Das Programm beansprucht wöchentlich 35 Stunden. „Jemand, der gesund werden will, vergeudet keine Zeit“, bescheidet Chefärztin Gottschaldt knapp. Nur: Der Weg dorthin muss erst mal geschafft werden. Hartmut Stepputtis hat die Erfahrung gemacht, dass viele Verantwortliche in den Unternehmen aus Unsicherheit sogar absichtlich weggucken und so helfen, das Problem auszudehnen.

„Das bleibt nicht ohne Folgen für die Unternehmenskultur und Arbeitseffektivität“, sagt der Suchtcoach.
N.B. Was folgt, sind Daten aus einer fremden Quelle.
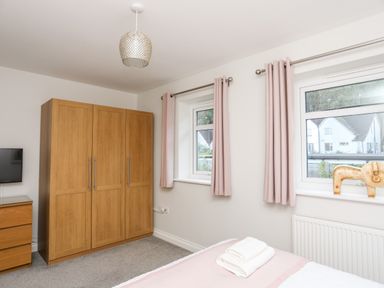 A bedroom with wooden wardrobe and chest of drawers pink curtains and a bed with folded towels at 3 Trem Y Dolydd Dolgarrog near Llanrwst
Psychotherapeut Helmut Kolitzus, der in Seminaren vermittelt, wie man suchtkranken Kollegen helfen kann, zitiert Schätzungen, nach denen Süchtige 20 bis 30 Prozent weniger Arbeitsleistung bringen, 16-mal häufiger fehlen und mit ihrer Negativität und Unberechenbarkeit das Klima vergiften.

Doch nicht nur Vorgesetzte schauen gerne weg: Untergebenen bleibt oft nichts anderes übrig, auch wenn der Chef torkelt. „Beim eigenen Chef kann Kritik schnell zur eigenen Kündigung führen“, sagt Stepputtis. Aber auch unter Kollegen im mittleren Management sei die Sache schon recht heikel, weil oft ein erheblicher Verdrängungswettbewerb herrsche, was einen kritischen Satz rasch als Mobbingversuch erscheinen lasse.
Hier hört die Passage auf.